Nothing past the line containing "Star Wars Unlimited: A" belongs in the output. Copy exactly every line of the data below from the first up to and including it.

Items from a data source
- Opening Delimiter -

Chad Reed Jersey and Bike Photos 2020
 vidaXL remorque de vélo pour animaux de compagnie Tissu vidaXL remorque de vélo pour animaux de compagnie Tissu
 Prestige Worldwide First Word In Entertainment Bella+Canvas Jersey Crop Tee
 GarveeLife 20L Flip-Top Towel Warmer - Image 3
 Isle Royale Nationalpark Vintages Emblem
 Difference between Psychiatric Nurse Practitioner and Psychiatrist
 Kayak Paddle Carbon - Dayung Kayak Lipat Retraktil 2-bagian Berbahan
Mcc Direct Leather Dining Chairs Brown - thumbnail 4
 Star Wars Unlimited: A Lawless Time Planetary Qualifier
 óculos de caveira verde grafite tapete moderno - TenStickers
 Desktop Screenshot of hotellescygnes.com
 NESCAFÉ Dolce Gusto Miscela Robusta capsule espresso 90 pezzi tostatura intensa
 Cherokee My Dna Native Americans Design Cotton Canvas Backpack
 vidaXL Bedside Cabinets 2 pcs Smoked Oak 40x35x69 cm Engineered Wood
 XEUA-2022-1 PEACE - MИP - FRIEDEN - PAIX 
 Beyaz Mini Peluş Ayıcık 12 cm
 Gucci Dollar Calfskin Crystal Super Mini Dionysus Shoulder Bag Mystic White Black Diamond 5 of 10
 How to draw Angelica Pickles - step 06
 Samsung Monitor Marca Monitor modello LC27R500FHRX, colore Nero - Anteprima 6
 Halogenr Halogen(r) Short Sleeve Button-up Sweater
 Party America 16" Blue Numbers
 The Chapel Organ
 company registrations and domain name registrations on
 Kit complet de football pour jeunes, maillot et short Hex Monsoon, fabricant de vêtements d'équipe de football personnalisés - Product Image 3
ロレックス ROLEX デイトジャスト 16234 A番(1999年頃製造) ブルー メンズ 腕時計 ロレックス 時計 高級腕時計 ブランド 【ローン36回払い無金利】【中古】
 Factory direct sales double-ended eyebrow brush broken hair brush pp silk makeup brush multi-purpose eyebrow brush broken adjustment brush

- Closing Delimiter -

_TASK OUTPUT_
Chad Reed Jersey and Bike Photos 2020
 vidaXL remorque de vélo pour animaux de compagnie Tissu vidaXL remorque de vélo pour animaux de compagnie Tissu
 Prestige Worldwide First Word In Entertainment Bella+Canvas Jersey Crop Tee
 GarveeLife 20L Flip-Top Towel Warmer - Image 3
 Isle Royale Nationalpark Vintages Emblem
 Difference between Psychiatric Nurse Practitioner and Psychiatrist
 Kayak Paddle Carbon - Dayung Kayak Lipat Retraktil 2-bagian Berbahan
Mcc Direct Leather Dining Chairs Brown - thumbnail 4
 Star Wars Unlimited: A Lawless Time Planetary Qualifier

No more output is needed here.